**Task to complete**
Produce a verbatim copy of the following records, leaving out all pictures.
### Provided records
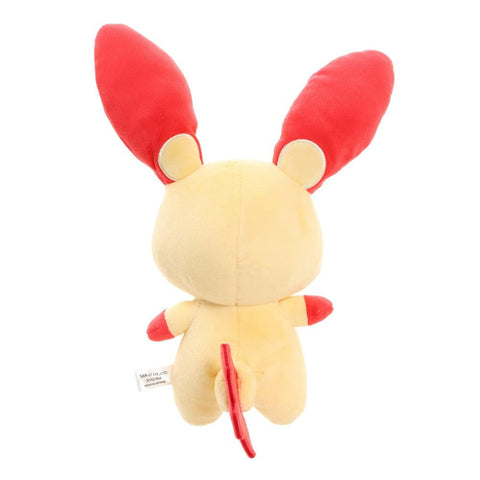 포켓몬 PP69 플러스 (S) 플러시 장난감 높이 22cm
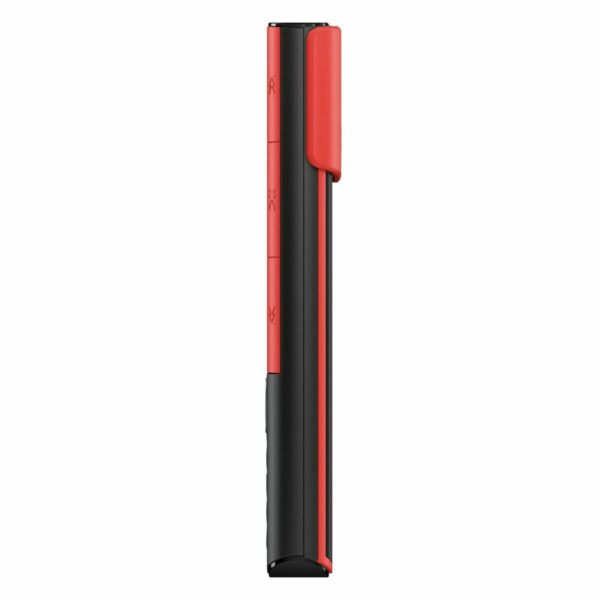 Telefon komórkowy dla seniorów Nokia Czarny 128 GB RAM 2,4" 4G/LTE - obrazek 3
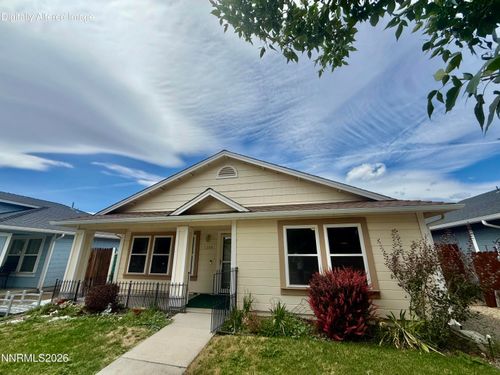 1394 Pin Oak Dr, Gardnerville, NV, 89410-7309 | Card Image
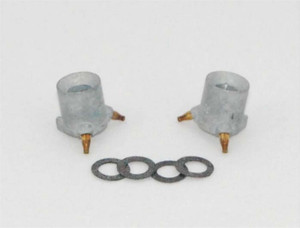 Advanced Engine Design .031in Accelerator Pump Squirters - Tube Type 5531 Advanced Engine Design .031in Accelerator Pump Squirters - Tube Type 5531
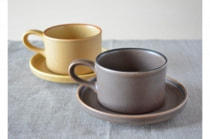 ペルナ ティーカップ&ソーサー|暮らしのほとり舎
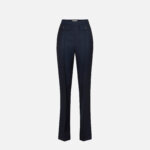 Cool wool trousers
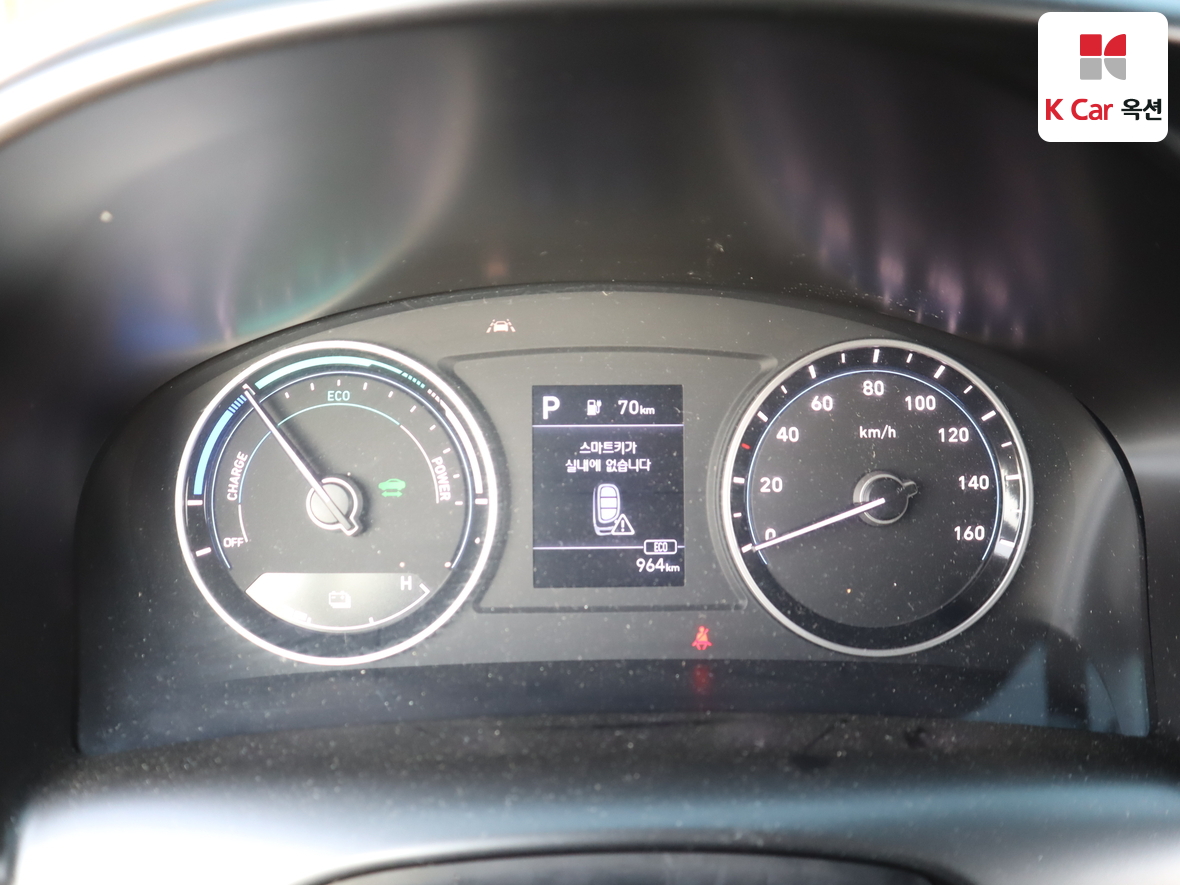 هيونداي - Porter II - Image 5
######
**Reply to the exercise**
 포켓몬 PP69 플러스 (S) 플러시 장난감 높이 22cm
 Telefon komórkowy dla seniorów Nokia Czarny 128 GB RAM 2,4" 4G/LTE - obrazek 3
 1394 Pin Oak Dr, Gardnerville, NV, 89410-7309 | Card Image
 Advanced Engine Design .031in Accelerator Pump Squirters - Tube Type 5531 Advanced Engine Design .031in Accelerator Pump Squirters - Tube Type 5531
 ペルナ ティーカップ&ソーサー|暮らしのほとり舎
 Cool wool trousers
 هيونداي - Porter II - Image 5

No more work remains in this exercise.